All Alexander wanted that instant was to touch her. Her lips, her anger, her face—he wanted to touch it all. “Tania…” he whispered, holding out his hands to her. “What are you talking about? What games, what lies?”

“Why did you come here, why?” she said coldly.

He felt himself about to choke on his words. “How can you even ask me that?”

“How? Because the last thing you wrote was that you were coming to marry Dasha. How much you loved her. How she was the woman for you. The only woman for you. I read that letter. That’s what you wrote. Because one of the last things I heard you say on Lake Ladoga was that you never—”

“Tatiana!” Alexander screamed, the pin falling to the ground. “What the hell are you talking about? Did you forget you made me promise to lie till the last? You made me promise. As late as November I was still saying, let’s tell the truth. But you! Lie, lie, lie, Shura, marry her, but promise me you won’t break my sister’s heart.
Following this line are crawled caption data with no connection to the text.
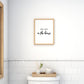 Bathroom Print | Best Seat In The House | Funny Print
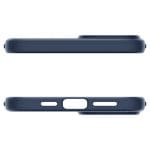 Spigen Liquid Air Navy Blue Kryt iPhone 15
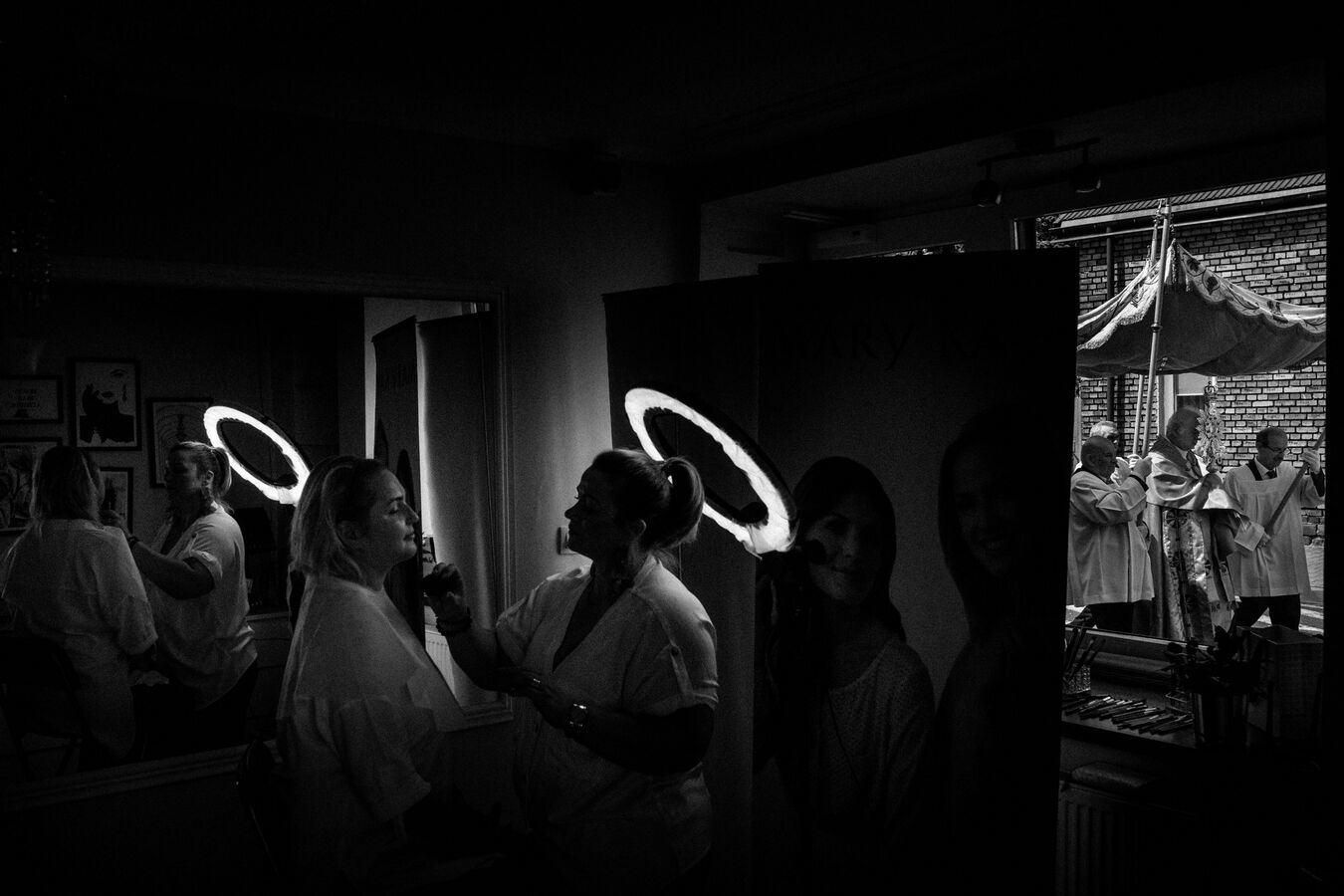 Fotografie Adama Trzcionki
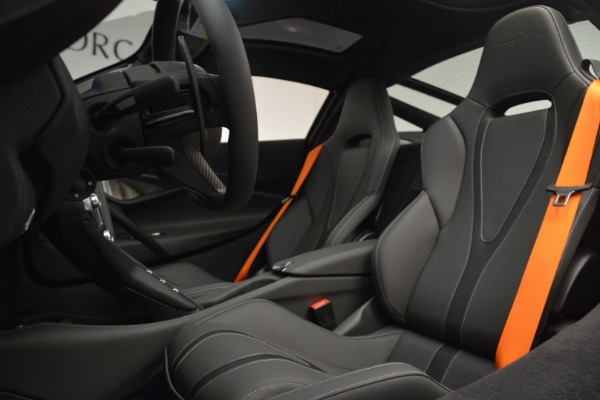 Used 2019 McLaren 720S Coupe for sale Sold at Rolls-Royce Motor Cars Greenwich in Greenwich CT 06830 18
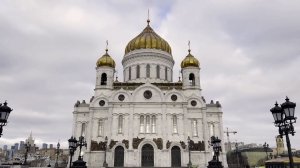 Литургия Преждеосвященных Даров 8 апреля 2026 года, Храм Христа Спасителя, г. Москва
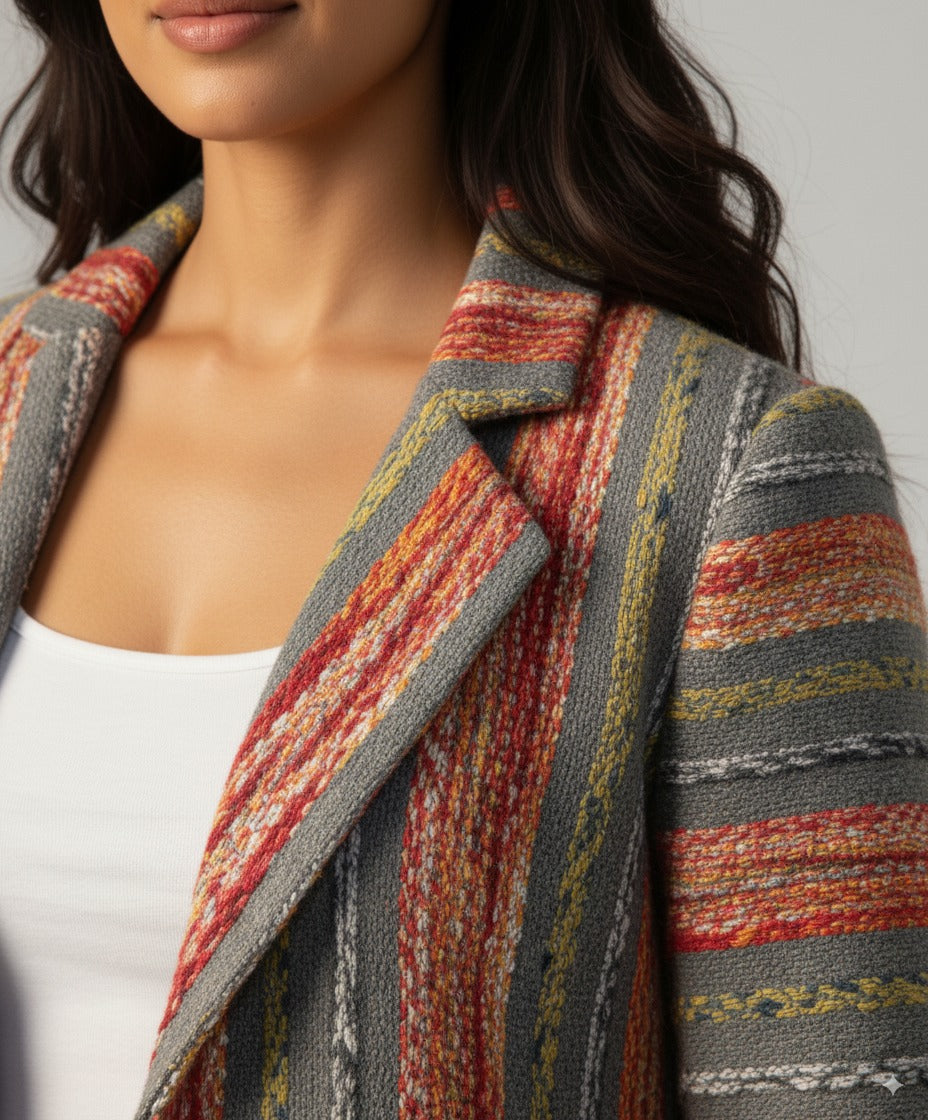 The Calico Coat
Do you remember?”

“Yes, and you did commendably well,” Tatiana said acidly. “But did you have to be so convincing?”

Running his hand through his hair, Alexander shook his head. “You know I didn’t mean it.”

“Which part?” she said loudly, stepping up close and looking up at him, angry and unafraid. “The marrying Dasha part? The loving her part? Which part of all those lies do I know you didn’t mean?”

“Oh, for God’s sake,” he exclaimed. “What answer did you want me to give her as she lay dying in your arms?”

“The only answer you could give her,” she replied. “The only answer you meant to give, living your life of lies.”

“We both live that life of lies, Tatiana—because of you!” he yelled, wanting to tear her hair out. “But you know I didn’t mean what I said.”

“I thought you didn’t mean it,” Tatiana said. “I hoped you didn’t mean it. But can you understand that it was the only thing I heard all the way on the train to Molotov and all the way across the Volga ice and for two months in the hospital as I struggled for my breath, can you understand that?”

She struggled for her breath now as Alexander stood and watched her, feeling unbearable remorse.

“I wouldn’t have cared,” Tatiana continued. “I told you, I don’t need much, I don’t need much comfort.” She clenched her fists again. And the hurt was in her eyes. “But I do need a little bit,” she said, her voice unsteady. “I need a little bit for me, and then you could have said what you needed to say to Dasha, as you absolutely had to!” She took a breath. “I wanted your eyes on me for a second to let me know that I wasn’t nothing, so I could have a little faith. But no,” she said. “You treated me like you always do—as if I weren’t there.”